The problem: Return each line of the data below exactly, omitting any pictures.

Given information:
****

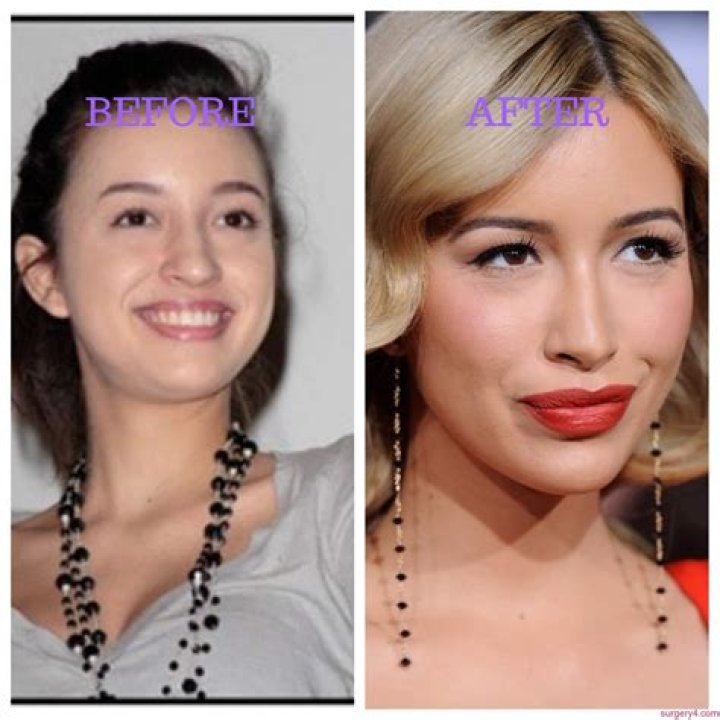 Christian Serratos Plastic Surgery Before and After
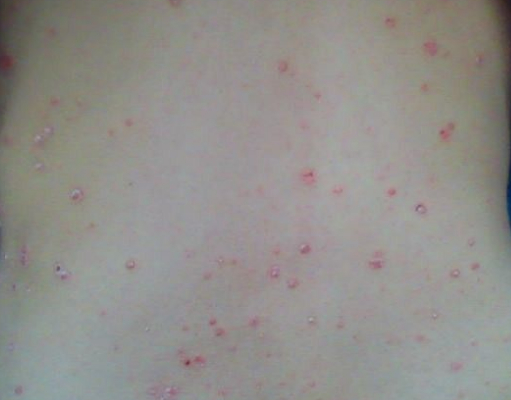 牛皮癣有哪些危害性较大的损害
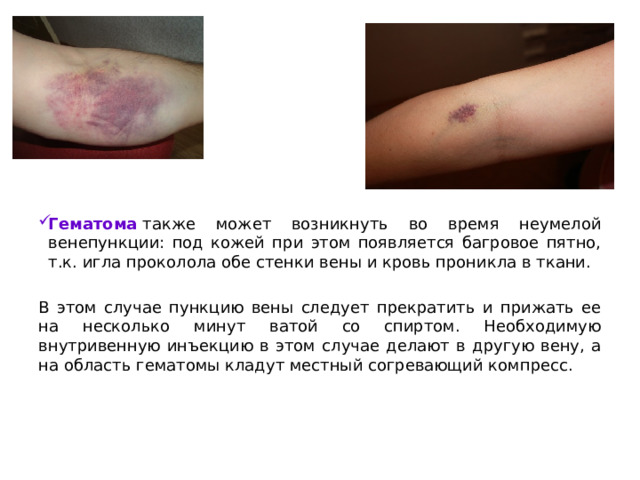 Гематома   также может возникнуть во время неумелой венепункции: под кожей при этом появляется багровое пятно, т.к. игла проколола обе стенки вены и кровь проникла в ткани. В этом случае пункцию вены следует прекратить и прижать ее на несколько минут ватой со спиртом. Необходимую внутривенную инъекцию в этом случае делают в другую вену, а на область гематомы кладут местный согревающий компресс.  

****

Response for this exercise:
 Christian Serratos Plastic Surgery Before and After
 牛皮癣有哪些危害性较大的损害
 Гематома   также может возникнуть во время неумелой венепункции: под кожей при этом появляется багровое пятно, т.к. игла проколола обе стенки вены и кровь проникла в ткани. В этом случае пункцию вены следует прекратить и прижать ее на несколько минут ватой со спиртом. Необходимую внутривенную инъекцию в этом случае делают в другую вену, а на область гематомы кладут местный согревающий компресс.  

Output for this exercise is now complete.